ASSIGNMENT — Could you print exactly the lines of the listing below, starting at the line that has "1 Indonesia Pada Masa Demokrasi Liberal" and ending at the line that has "Meč od admirála", and only those lines?

====================

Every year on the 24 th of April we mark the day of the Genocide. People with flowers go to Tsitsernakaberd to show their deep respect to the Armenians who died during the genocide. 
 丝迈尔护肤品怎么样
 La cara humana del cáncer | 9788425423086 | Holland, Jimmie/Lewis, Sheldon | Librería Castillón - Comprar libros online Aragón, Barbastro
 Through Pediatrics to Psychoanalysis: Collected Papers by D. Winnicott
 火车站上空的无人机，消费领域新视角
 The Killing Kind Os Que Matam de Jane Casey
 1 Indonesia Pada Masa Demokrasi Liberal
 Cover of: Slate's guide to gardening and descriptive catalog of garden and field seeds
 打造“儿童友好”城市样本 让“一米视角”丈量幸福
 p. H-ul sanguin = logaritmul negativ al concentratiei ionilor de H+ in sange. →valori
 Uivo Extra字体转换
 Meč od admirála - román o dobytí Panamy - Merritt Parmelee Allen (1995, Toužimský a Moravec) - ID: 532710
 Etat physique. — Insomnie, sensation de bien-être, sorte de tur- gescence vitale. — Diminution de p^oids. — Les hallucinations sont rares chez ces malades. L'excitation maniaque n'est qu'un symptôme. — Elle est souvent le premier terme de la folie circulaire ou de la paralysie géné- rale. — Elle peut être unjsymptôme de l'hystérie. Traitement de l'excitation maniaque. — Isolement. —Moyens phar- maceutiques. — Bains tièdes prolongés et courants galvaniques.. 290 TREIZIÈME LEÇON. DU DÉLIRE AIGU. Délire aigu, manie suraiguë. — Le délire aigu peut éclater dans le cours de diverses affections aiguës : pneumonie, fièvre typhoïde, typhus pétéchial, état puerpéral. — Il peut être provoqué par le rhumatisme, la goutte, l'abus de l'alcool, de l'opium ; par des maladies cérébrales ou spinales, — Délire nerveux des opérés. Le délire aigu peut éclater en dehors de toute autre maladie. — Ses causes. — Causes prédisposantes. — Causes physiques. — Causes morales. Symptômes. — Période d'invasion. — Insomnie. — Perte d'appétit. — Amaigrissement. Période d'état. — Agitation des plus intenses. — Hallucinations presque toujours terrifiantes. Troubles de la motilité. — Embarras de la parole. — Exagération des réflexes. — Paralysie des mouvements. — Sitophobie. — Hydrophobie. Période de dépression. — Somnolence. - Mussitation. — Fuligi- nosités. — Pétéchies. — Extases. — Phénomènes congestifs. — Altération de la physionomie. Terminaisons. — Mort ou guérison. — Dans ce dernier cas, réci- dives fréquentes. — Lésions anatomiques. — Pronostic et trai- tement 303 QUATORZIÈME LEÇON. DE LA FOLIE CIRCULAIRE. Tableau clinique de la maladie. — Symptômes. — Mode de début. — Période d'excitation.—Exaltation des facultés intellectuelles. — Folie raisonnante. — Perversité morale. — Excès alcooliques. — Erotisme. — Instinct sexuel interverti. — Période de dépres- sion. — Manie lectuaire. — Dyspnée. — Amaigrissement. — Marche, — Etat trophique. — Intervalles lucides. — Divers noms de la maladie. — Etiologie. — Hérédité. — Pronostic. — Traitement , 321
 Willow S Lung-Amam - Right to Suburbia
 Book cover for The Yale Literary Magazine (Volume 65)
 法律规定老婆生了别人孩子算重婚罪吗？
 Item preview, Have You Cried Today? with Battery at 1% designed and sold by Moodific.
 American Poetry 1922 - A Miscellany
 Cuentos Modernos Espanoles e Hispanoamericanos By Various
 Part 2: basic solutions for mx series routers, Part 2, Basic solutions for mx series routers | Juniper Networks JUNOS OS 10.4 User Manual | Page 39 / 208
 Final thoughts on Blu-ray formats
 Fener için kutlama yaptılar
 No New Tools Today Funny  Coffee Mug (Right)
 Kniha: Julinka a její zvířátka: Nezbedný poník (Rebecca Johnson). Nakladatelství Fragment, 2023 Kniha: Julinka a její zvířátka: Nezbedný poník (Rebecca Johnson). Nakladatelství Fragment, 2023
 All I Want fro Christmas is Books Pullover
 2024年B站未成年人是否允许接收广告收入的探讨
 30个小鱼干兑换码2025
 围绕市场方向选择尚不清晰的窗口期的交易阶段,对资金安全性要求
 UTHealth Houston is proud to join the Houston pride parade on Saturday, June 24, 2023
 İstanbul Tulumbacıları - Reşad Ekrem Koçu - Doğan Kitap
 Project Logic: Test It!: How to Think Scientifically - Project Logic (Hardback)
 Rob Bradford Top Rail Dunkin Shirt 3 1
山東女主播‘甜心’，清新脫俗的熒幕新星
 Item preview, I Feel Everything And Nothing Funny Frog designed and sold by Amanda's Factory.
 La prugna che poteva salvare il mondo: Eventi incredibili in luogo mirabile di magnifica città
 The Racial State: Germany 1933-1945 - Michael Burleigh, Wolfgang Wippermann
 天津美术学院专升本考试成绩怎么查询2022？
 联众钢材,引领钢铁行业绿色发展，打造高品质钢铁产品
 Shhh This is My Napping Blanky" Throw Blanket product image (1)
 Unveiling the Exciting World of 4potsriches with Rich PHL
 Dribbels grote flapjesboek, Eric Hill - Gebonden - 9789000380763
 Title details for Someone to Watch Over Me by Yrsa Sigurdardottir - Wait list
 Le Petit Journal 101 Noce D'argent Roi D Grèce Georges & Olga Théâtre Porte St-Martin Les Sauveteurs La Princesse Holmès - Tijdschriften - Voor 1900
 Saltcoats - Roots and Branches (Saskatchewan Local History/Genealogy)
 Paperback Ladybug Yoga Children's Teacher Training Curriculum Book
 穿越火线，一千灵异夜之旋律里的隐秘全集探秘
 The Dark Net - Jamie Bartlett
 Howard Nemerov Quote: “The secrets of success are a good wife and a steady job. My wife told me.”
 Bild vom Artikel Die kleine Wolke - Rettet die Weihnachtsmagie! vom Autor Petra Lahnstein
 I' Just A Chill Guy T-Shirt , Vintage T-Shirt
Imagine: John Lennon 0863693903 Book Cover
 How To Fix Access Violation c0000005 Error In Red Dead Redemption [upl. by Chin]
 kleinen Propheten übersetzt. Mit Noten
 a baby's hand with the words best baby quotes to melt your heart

====================

TASK RESPONSE —
 1 Indonesia Pada Masa Demokrasi Liberal
 Cover of: Slate's guide to gardening and descriptive catalog of garden and field seeds
 打造“儿童友好”城市样本 让“一米视角”丈量幸福
 p. H-ul sanguin = logaritmul negativ al concentratiei ionilor de H+ in sange. →valori
 Uivo Extra字体转换
 Meč od admirála - román o dobytí Panamy - Merritt Parmelee Allen (1995, Toužimský a Moravec) - ID: 532710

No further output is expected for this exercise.